▶ **Stored items**:
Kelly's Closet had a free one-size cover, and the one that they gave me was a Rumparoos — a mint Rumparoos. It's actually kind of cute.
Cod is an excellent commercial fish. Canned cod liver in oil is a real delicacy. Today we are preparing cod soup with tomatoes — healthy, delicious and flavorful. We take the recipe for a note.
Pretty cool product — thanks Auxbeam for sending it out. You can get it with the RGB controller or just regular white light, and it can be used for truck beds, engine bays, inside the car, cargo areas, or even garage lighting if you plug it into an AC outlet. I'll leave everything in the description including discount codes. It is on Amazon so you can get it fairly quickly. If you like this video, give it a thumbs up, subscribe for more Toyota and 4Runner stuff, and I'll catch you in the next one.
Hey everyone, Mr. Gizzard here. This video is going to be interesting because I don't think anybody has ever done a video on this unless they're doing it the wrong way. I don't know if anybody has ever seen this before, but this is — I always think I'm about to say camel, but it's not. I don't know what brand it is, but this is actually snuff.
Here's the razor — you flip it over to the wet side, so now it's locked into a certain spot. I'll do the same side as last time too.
==
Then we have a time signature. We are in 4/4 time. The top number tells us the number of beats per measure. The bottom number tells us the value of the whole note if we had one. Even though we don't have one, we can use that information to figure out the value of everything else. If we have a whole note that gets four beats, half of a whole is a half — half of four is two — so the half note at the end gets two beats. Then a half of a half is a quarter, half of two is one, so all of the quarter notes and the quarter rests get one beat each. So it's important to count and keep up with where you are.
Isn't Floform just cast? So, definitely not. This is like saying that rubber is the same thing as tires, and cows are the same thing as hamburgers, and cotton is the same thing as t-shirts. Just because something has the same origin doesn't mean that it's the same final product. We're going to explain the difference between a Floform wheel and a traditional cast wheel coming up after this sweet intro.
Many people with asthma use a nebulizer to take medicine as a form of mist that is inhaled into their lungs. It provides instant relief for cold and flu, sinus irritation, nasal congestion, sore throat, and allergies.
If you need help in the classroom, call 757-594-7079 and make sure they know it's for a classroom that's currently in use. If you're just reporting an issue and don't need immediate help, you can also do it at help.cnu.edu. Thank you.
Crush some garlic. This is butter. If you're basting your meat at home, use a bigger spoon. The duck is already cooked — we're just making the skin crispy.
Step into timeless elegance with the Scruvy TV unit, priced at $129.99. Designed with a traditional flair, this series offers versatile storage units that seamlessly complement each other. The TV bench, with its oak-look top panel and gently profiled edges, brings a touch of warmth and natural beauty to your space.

▶ **YOUR OBJECTIVE**:
Please copy each line of the records above in which the word "take" can be found.

▶ **WRITTEN REPLY**:
Cod is an excellent commercial fish. Canned cod liver in oil is a real delicacy. Today we are preparing cod soup with tomatoes — healthy, delicious and flavorful. We take the recipe for a note.
Many people with asthma use a nebulizer to take medicine as a form of mist that is inhaled into their lungs. It provides instant relief for cold and flu, sinus irritation, nasal congestion, sore throat, and allergies.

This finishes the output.